_Exercise materials_.
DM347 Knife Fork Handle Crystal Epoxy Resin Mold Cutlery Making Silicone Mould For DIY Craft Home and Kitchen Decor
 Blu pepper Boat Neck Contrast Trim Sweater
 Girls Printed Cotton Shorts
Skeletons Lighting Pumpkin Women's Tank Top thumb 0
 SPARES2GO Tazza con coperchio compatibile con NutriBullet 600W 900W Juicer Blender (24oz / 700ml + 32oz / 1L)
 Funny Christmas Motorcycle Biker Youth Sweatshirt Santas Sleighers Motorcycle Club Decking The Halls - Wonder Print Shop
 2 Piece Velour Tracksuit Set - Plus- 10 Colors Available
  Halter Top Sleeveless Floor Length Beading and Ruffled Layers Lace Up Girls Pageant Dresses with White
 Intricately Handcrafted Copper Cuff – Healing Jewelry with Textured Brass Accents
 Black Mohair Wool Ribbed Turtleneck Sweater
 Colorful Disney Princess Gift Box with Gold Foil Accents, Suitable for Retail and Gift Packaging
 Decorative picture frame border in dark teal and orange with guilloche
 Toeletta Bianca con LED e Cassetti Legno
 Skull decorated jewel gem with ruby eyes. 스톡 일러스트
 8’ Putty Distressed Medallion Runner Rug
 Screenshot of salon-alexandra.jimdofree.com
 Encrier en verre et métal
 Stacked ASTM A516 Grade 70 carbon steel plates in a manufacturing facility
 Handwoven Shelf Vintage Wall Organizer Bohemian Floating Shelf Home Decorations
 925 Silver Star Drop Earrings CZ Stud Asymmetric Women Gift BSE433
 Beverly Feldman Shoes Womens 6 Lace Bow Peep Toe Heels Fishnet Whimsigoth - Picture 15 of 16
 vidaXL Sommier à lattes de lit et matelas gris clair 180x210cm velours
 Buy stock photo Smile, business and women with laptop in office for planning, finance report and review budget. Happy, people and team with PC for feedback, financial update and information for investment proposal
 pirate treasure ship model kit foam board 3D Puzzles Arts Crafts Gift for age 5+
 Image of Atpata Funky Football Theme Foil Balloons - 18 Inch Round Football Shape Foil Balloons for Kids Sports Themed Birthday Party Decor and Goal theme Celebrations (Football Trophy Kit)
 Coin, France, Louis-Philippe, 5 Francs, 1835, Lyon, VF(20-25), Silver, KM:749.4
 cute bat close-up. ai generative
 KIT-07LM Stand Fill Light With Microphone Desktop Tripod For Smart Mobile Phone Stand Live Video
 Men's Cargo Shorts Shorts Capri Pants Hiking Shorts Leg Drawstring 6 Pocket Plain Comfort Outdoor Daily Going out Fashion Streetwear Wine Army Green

_Problem_. When a line in the material above includes the word "Silver", copy that line.

_Response to this exercise_.
 925 Silver Star Drop Earrings CZ Stud Asymmetric Women Gift BSE433
 Coin, France, Louis-Philippe, 5 Francs, 1835, Lyon, VF(20-25), Silver, KM:749.4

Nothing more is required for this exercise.